With this said, I still think sex as an activity changes as you go through life. It's a major bond when young, then something that keeps people together as the children are raised, and when the kids are gone, and the pair is more mature dealing with people, themselves, then perhaps its not destructive to have sex with others on a basis that keeps the marriage relationship intact.


----------



## Blondilocks (Jul 4, 2013)

So, are you going to bring this up with your wife?


----------



## Totally T (Dec 20, 2020)

A lot I'm processing. More notions:

--the internet has freed up women enormously, by reducing substantially the dangers of finding men. Why even go out with friends to a bar? you may be much more likely to find someone compatible online. In the search for sex, women always hold the power; they attract and can refuse. Online means a "direct purchase" of what the woman's looking for.

(Of course if this avenue was open to me when I was in the 20s I'd be wearing myself out on "dates").

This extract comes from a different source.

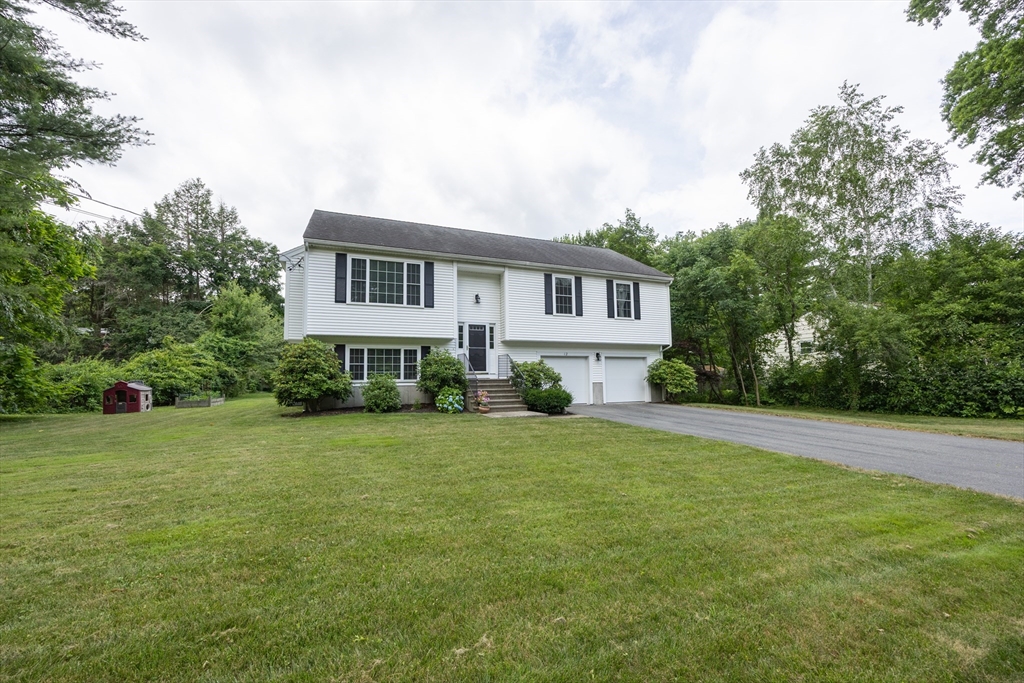 12 Windsor Drive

--I worry a lot about my nephews, in their 20s, going through this kind of stuff. There's a lot to be said about building relationships, even if it's only in order to have sex. Does this emotionally stunt younger people, who are already being emotionally disconnected from other human beings through video games and porn? Again, the loneliness/hyper-individuality stuff.

--I like women generally, and feel I gain from hearing their perspectives, especially on personal matters like friendship, relationships, family, kids. I grew up a strong individual, so hearing this perspective is valuable. But would I appreciate women if my only developmental contact was work and one-off sex? Not really sharing intimacy.


----------



## Totally T (Dec 20, 2020)

Blondilocks said:


> So, are you going to bring this up with your wife?


We've got a "romantic get-away" scheduled in late January. Some of this, yes. Not going to talk so much about swinging or an open relationship/FWB thing. But about doing more sexually as a couple.


----------



## Totally T (Dec 20, 2020)

. . . we'll see how that goes. I'm just more adventurous and eager to do more sexually.

Also other notes:

online, I'm amazed at how needy women are for adulation for their looks and body. In my experience, men think it's nice to be complimented but don't expect or need this any.

I'm also amazed at the women searching for degradation and **** and abuse talk. I grew up physically abused and have no interest in making violence, so this dimension is weird to me, although I can appreciate what's going on with the master/slave dynamic and rough sex.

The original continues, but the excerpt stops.